As the founding father of a private university consulting firm, I’ve visible my fair proportion of college students. Dad and Mom deeply misunderstand just how aggressive the university utility landscape has to grow to be—however, this tale takes it to a new stage. On Thursday, CNN posted this story titled, “She turned into rejected with the aid of 13 colleges and blames her elite DC prep school. She needs the Supreme Court to pay attention to her case.” The faculty in query is the Sidwell Friends School, and the appeal comes from former Sidwell student Dayo Adetu and her dad and mom. The Adeptus agree that Dayo no longer get into any colleges due to negligence and discrimination on the part of Sidwell’s guidance counselors—even though she handiest carried out to tremendously selective schools.
As a college consultant, I suggest all my students apply to a wholesome blend of ‘protection,’ ‘in shape,’ and ‘attain’ faculties. These terms seem self-explanatory, although I’ve had students who believe faculties like GWU and NYU count numbers as ‘safeties’ because they’re now not quite as aggressive as the Ivy League. It appears that Dayo Adetu felt this way—she applied to twelve schools, which are attained for any pupil (along with the Obamas), and withdrew her software from her simplest suit college.
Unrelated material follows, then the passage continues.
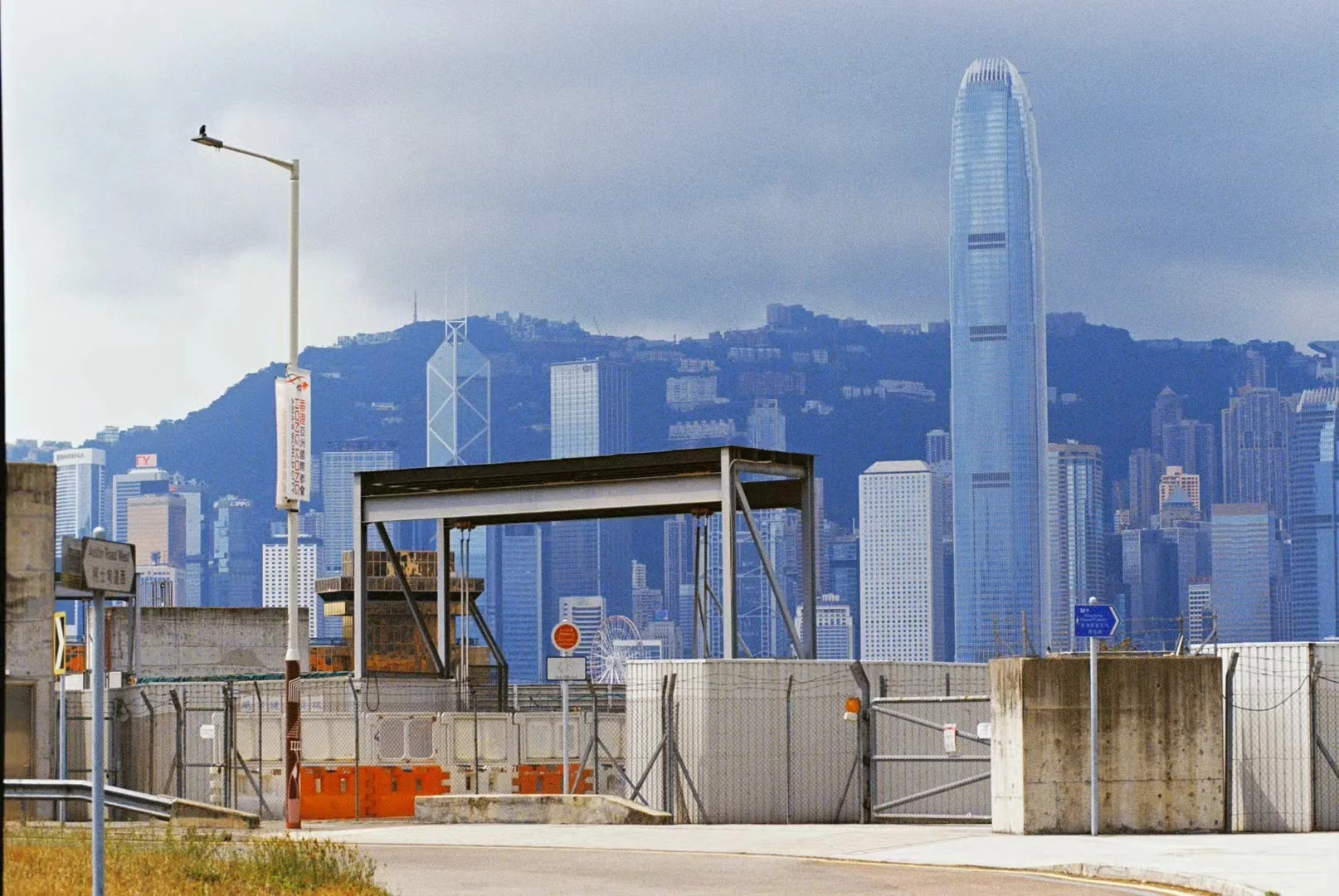 🇭🇰香港招保安19500➕
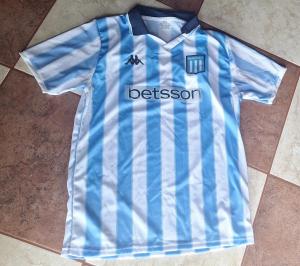 Camiseta Racing Nueva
Of the attained schools, she implemented each Ivy besides Dartmouth and Brown (Harvard, Yale, Princeton, Columbia, Cornell, and Penn), Duke, UVA, Johns Hopkins, CalTech, MIT, and McGill (the “Harvard of Canada”). Every unmarried one of those schools is hard to get into and should be categorized as a ‘attain’ for any scholar, regardless of how outstanding. It is particularly risky and mindless to attain colleges’ handiest practice—if something, the Adeptus must be suing Sidwell for letting them take that danger. Instead, they’re suing because they accept as true that there has been no risk and that if Sidwell had done their jobs nicely, attractiveness at one of the quality schools in you. S. A. It could have been assured.
Some context—the Sidwell Friends School is arguably the first-class personal school within the DC region. Every president who had children in high college at some stage in their phases for the closing fifty years sent their kids to Sidwell—Tricia and Julie Nixon, Chelsea Clinton, and Malia and Sasha Obama attended Sidwell. (Jimmy Carter’s daughter Amy, who drastically attended public DC colleges, became in fundamental and middle faculty throughout his presidency.) Of path, having first-rate alums doesn’t necessarily mean a school is notable—and it could make college admissions more competitive, as applicants are compared to their friends. Still, Sidwell’s reputation speaks for itself.
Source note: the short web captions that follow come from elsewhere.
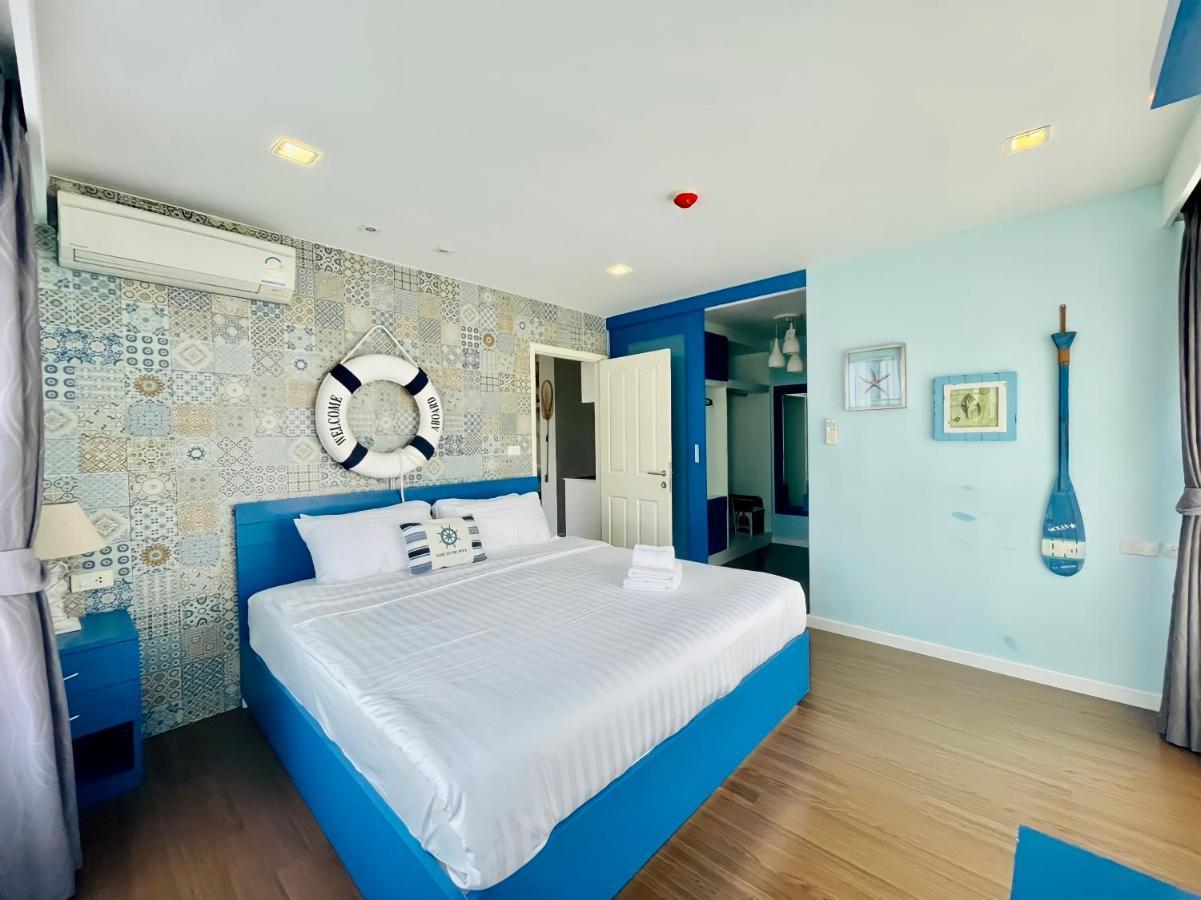 Baan Imm Aim Huahin Sea View Apartment Екстериор снимка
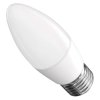 LED žárovka Classic svíčka / E27 / 4,2 W (40 W) / 470 lm / teplá bílá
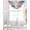 Brown, variant on Orange Navy Blue Coral Sheer Waterfall Valance Curtains for Window, Summer Beach Coastal Ocean Starfish Rod Pocket Sheer Topper Swag Curtains for Living Room, Kitchen 38.5"W x 47.2"L, 1 Panel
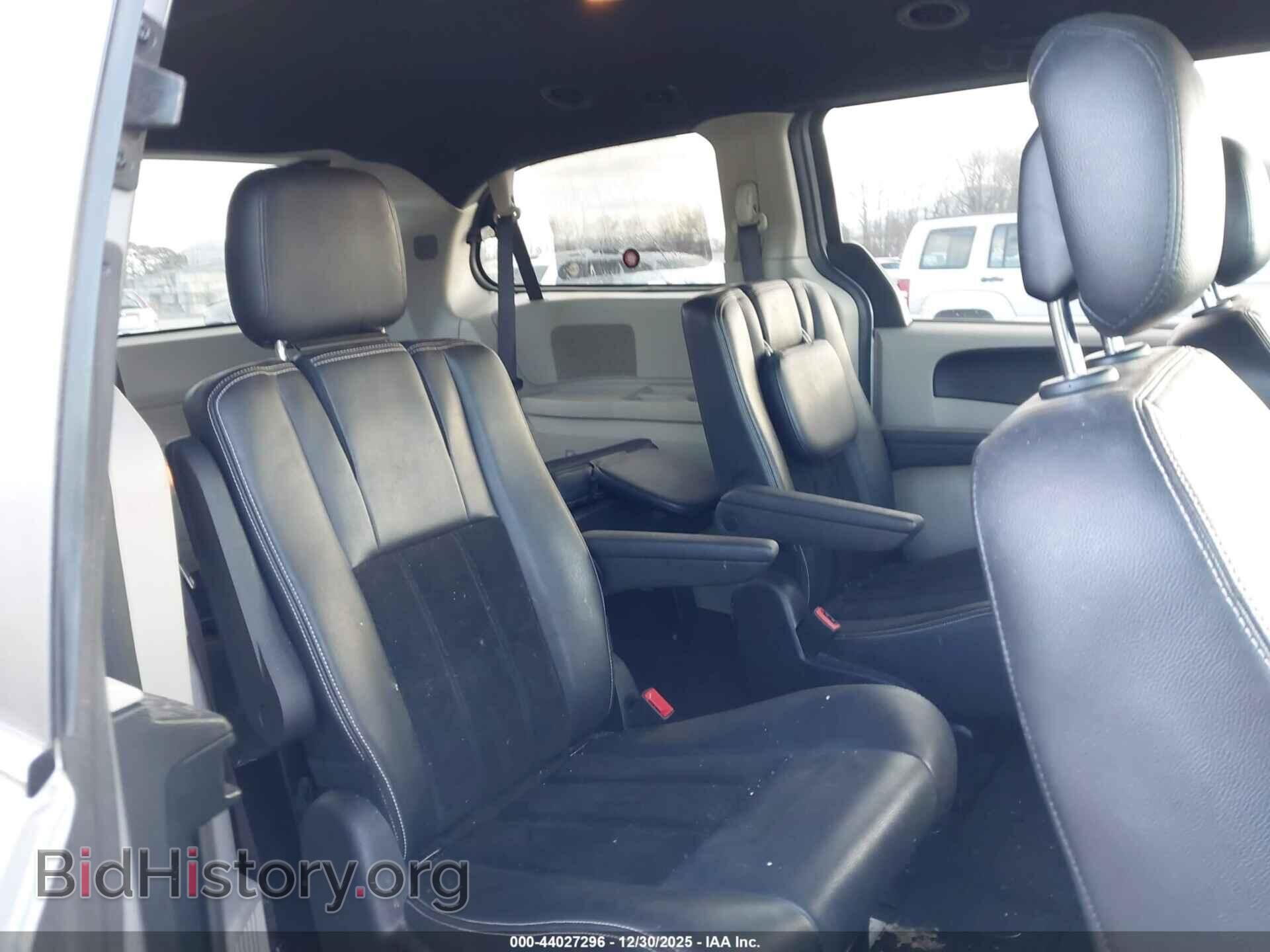 2017 DODGE GRAND CARAVAN - VIN: 2C4RDGCG9HR709833 - Фото 8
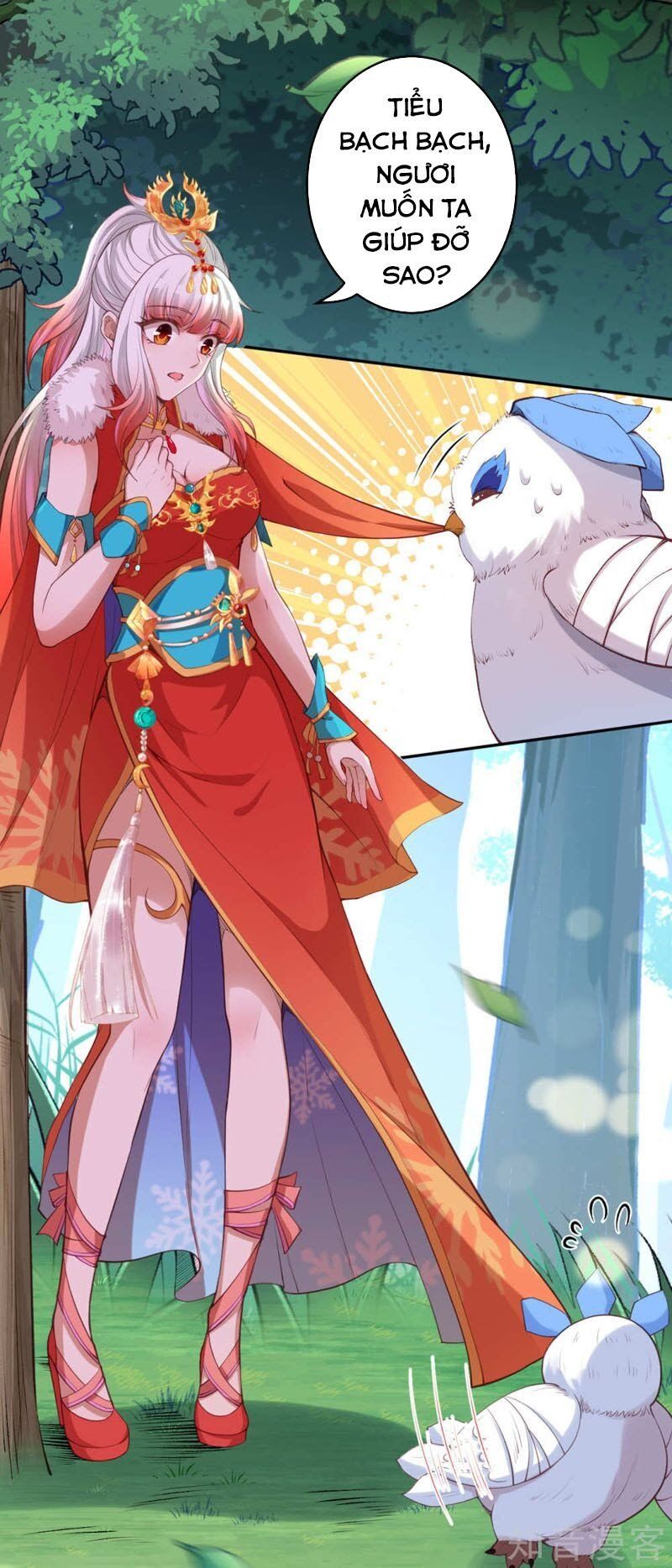 đọc truyện Nghịch Thiên Tà Thần Chương 236 ảnh 3 tại Thiên Thai Truyện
The justification the Adetu families offer for their assumption (and consequent lawsuit) is that “Even though Sidwell touts a 100% college matriculation charge for its graduating high school seniors, Dayo did now not acquire unconditional popularity to any of the 13 (thirteen) universities to which she carried out and favored admission.” Despite the CNN headline, this doesn’t imply she became rejected from the one’s schools—she likely did receive a ‘conditional’ attractiveness (my guess is she became common to Emory but requested to spend her first two years at their secondary campus outside of the town). She or he withdrew her utility to her handiest suit college, Spelman, before acceptance was released.
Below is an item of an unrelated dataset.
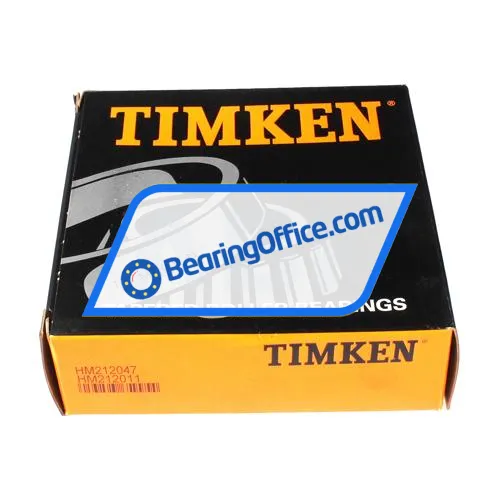 Timken HM212047/HM212011 bearing image 4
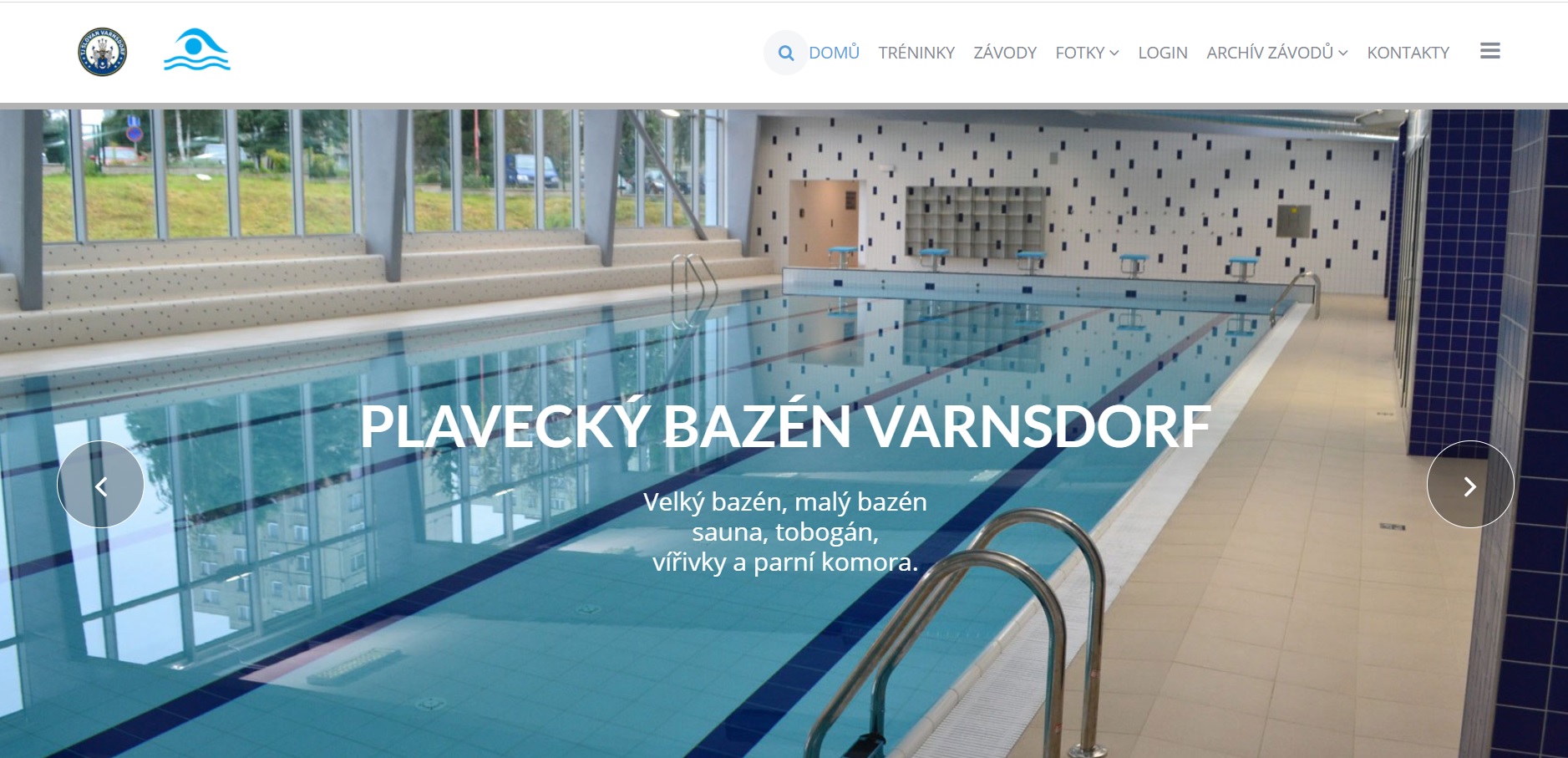 webové stránky plavání webové stránky plavání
That’s right—I discovered this key detail hidden in footnote 7 to Appendix 77a of the Adeptus’ complaint: “Dayo become the best pupil in her Sidwell elegance to use to Spelman; she ultimately withdrew her Spelman application.” Spelman is at the heart of this case — it’s a traditionally black ladies’ college in Atlanta, Georgia. With an 89/99 “admissions selectivity rating” from the Princeton Review, it’s the nearest component Adetu needed to an in-shape school. To be clear, Spelman remains a very selective college—their reputation fee of 26% is already low. It would likely be lower without the self-selection that tends to show up with girls’ faculties, which often appeal to extra academically-centered students.